■ **Your instructions**
Set down every line of the data exactly, skipping the pictures.
───── Data shown ─────
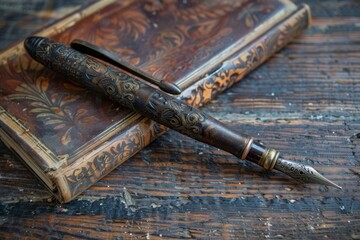 Elegant fountain pen is resting on an antique book on a wooden table, evoking a sense of nostalgia and the art of writing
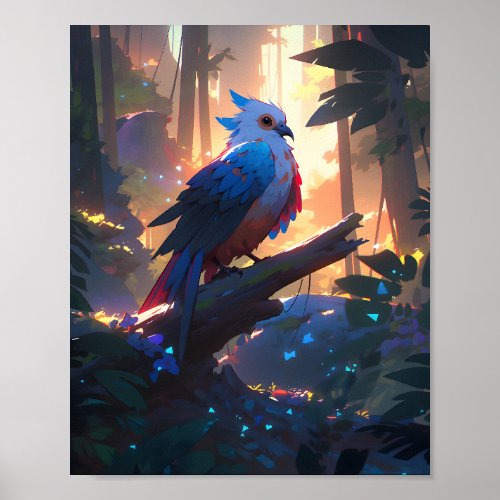 Bird Standing On A Tree Branch In A Dense Forest Poster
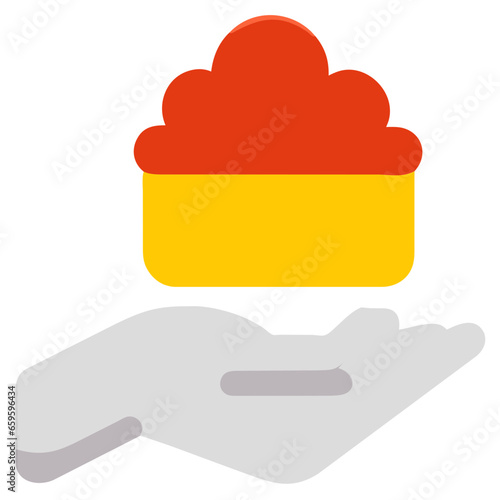 Hand holding cloud icon, vector illustration. Flat design style with long shadow. Generative AI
─────
■ **Result for this exercise**
 Elegant fountain pen is resting on an antique book on a wooden table, evoking a sense of nostalgia and the art of writing
 Bird Standing On A Tree Branch In A Dense Forest Poster
 Hand holding cloud icon, vector illustration. Flat design style with long shadow. Generative AI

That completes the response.